All the banks were closing, were losing their money. There was a run on the banks. The value on all the farmland went down, so taxes went down and there wasn’t money to pay the school teachers. I could have gone to school, but I would have had to board, that means to live in someone else’s home and pay them rent. The closest school was 16 miles away from home. There was no way to get there, and no money to board. Plus, they could use me at home on the farm. Schools shut down all over. (When I fact checked later, I learned that the Great Depression left 3 million students in the U.S. with no school.) That’s why you have to learn all you can while you’re in school. I don’t write so good, but you can. You have a good teacher there. Listen to her.

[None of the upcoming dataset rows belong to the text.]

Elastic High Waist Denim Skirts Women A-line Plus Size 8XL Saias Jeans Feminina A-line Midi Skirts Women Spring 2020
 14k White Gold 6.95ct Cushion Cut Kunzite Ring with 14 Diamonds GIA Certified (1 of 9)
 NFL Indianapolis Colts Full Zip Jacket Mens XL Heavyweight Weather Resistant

Ever since I was in middle school, I knew that Grandpa only went to school through 8th grade, at the one-room schoolhouse on the ridge. I even visited the land and took a goofy photo poking my head around the wooden, brick-colored outhouse with its crescent moon window at the top. I knew that he always saved everything, like the Folger’s coffee tin full of pencil nubs and another one full of nails removed from projects at work or around the house. But I’m embarrassed at all the times that I sat around the table with him, that I never really knew why he stopped going to school, until now.

Unless we ask,
unless they tell,
unless we listen.
What’d you learn in school today?

Today, I learned to listen.
Hopefully tomorrow I’ll learn to question,
so that I can listen and learn all over again.

Love you, Grandpa. I’ll call you tomorrow.
I’ll try to learn a lot in school today, I promise.

     

 

 

Grandpa Ed and me at my wedding in 2006.